The Board is currently seeking to overturn a judgment favouring nine former employees involved in a clash over land allocation.
The former employees, some reinstated and others with pending cases, accused the Land Board of failing to subdivide and allocate their ploughing fields despite the approval of their 2019 application. The Land Board lost the case but is now pursuing a rescission of the judgment by Justice Gaolapelwe Ketlogetswe after it had failed to file court documents including an answering affidavit when the matter was first brought against it. Land Board argues through its attorney, Phenyo Sekape, that the relief sought against it is potentially illegal.
"The board's attitude in the matter is not of a litigant only seeking to deny the claimants the benefit of the relief they seek but that the board has a bona fide defence to the claim in the main application," he said. Sekape contends that the former employees' demands violate the Tribal Land Act and should be rescinded.
He submitted that, owing to the preliminary finding of irregularities in the issuance of the said resolutions, all transfers and or potential transfers have been suspended while awaiting a land audit carried out by the Land Board and its supervisory ministry. The attorney explained the Land Board's defence also involves a consideration of the mandate of Subordinate Land Boards in tribal land matters. "Specifically, whether it is empowered to pass the resolutions that the claimants seek to enforce before the court. We submit that the Land Board has made out a case entitling it to the rescission that has been sought," he said. Regarding the Land Board's non-appearance in court on June 23, 2021, Sekape explained it was not negligent but a result of an agreement to dispense with oral submissions.
He clarified the administrative lapse in filing heads of argument, attributing it to a genuine oversight. In response to the Land Board's appeal, the nine claimants' attorney, Uyapo Ndadi, argued that the Land Board failed to demonstrate the illegality of the resolutions and criticised its conduct, including failure to file timely notices and heads of argument at the High Court.
"More interestingly, the Kweneng Land Board was copied in all the resolutions as they bear their stamp. If any illegality existed, it ought to have been picked then," he said. Ndadi emphasised that the court looked at the conduct of the Land Board and found it to be calling for a dismissal of the rescission application.

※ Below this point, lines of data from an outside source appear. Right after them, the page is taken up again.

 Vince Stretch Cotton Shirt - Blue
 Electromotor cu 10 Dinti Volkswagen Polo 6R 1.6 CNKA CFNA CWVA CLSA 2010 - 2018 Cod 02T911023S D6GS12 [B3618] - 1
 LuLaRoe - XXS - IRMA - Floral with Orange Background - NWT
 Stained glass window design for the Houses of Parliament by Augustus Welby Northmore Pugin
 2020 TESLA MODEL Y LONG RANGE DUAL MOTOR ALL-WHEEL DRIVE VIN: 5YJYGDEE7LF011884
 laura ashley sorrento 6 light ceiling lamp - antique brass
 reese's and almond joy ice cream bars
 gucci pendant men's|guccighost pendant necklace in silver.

"In sum, the conduct is failure to file a notice of opposition on time, failure to file heads of argument and failure to appear at court for argument. If the appeal is to succeed, it would present a crisis to the courts as it would mean that court rules and orders do not mean much and would delay matters," he argued. Ndadi therefore submitted that the appeal stands to be dismissed with costs at a punitive scale as the Land Board's attorney misrepresented the truth under oath by saying he became aware of the June 2021 court order only in mid-July 2021, when in fact he became aware of it the day it was pronounced.
Furthermore, on the appeal, Ndadi said they had to prepare their heads of argument without the benefit of the Land Board's heads as they were not filed at the time of drafting showing that it is, yet again, a repetition of the conduct of the Land Board. "Clearly the conduct of the Land Board throughout this case has been nothing short of laxity.
This court is therefore urged to reject the reasons for they lack reasonability and respect for the court. If the court is to accept the reason, it would mean litigants can simply write letters to the Court of Appeal and any other court and say we propose not to appear for argument. We will just rely on our Heads of Argument. That, it is submitted, is contemptuous to the court," he said. Meanwhile, in the main application that the Land Board lost, the nine claimants accuse the board of failing to subdivide and allocate their ploughing fields. The claimants insist the appeal should be dismissed with punitive costs. In the main application, the claimants accuse the Board of neglecting to subdivide and allocate their ploughing fields, citing areas in Nkoyaphiri Mogoditshane, Gabane, Rakola, Diphiring, and Gaphatshwa lands.